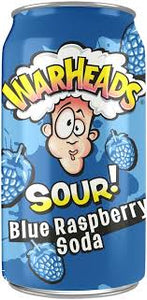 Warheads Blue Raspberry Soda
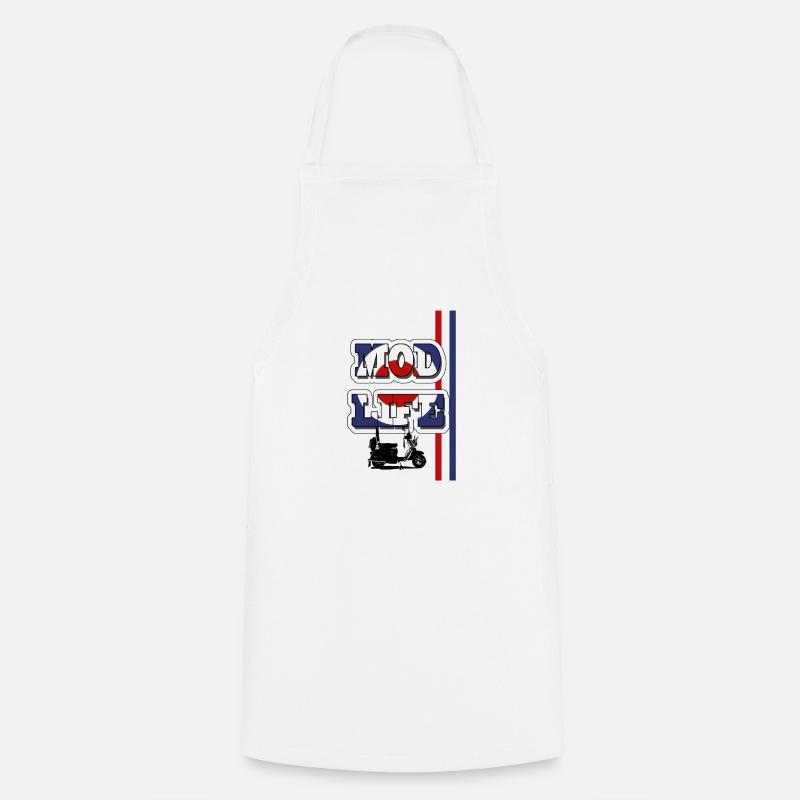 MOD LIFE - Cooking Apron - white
* * *
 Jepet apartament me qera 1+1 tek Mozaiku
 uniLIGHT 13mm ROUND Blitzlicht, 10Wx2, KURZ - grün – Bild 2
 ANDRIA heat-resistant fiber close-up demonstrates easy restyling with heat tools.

> [REQUIRED ACTION]
Everything from the line above that contains "Warheads Blue Raspberry Soda" down to the line that contains "MOD LIFE - Cooking Apron - white" must be reproduced exactly, both ends included. Omit the pictures.

> [SOLUTION]
 Warheads Blue Raspberry Soda
 MOD LIFE - Cooking Apron - white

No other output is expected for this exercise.